Excerpt from the entries below: please repeat exactly the lines from the one containing "510 Harben Dr, Woodruff, SC 29388 - Photo 4" through the last one, both ends included, with no pictures.

▶ [GIVEN DATA]
+++++
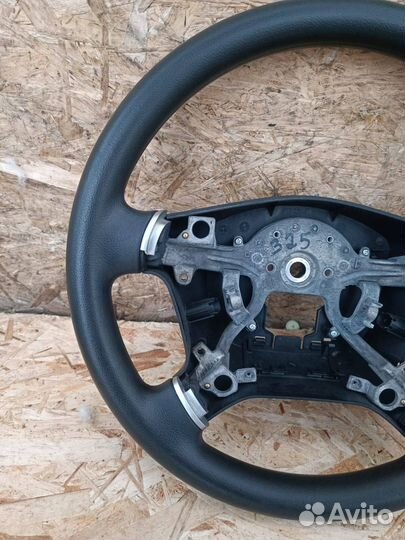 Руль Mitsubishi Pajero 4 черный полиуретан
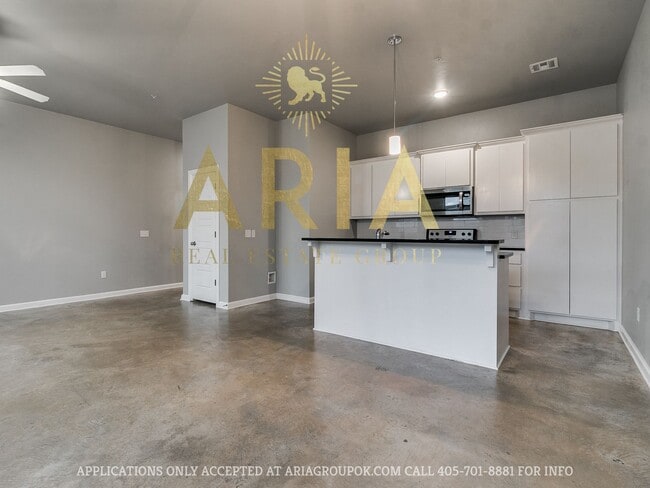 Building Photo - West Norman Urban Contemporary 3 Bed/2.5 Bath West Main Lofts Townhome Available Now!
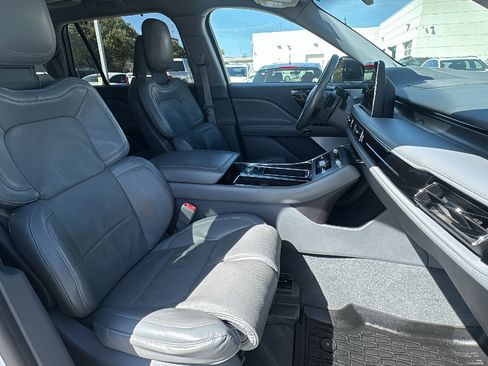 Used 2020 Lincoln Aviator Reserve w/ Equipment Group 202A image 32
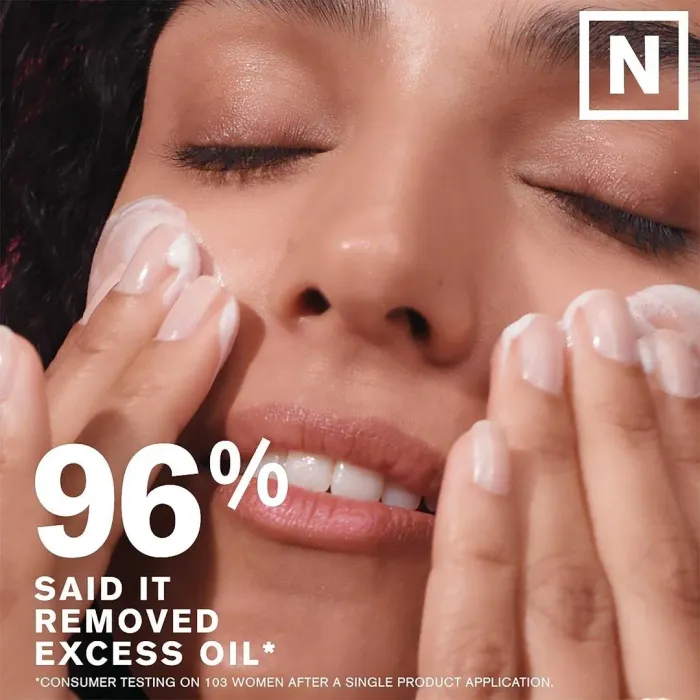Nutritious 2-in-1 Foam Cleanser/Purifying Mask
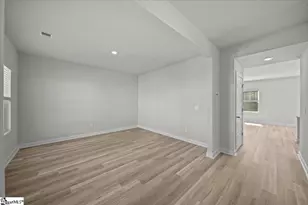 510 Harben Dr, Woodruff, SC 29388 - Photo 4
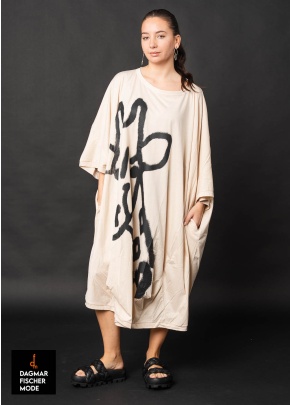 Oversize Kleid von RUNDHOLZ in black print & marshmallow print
+++++
▶ [RESULT]
 510 Harben Dr, Woodruff, SC 29388 - Photo 4
 Oversize Kleid von RUNDHOLZ in black print & marshmallow print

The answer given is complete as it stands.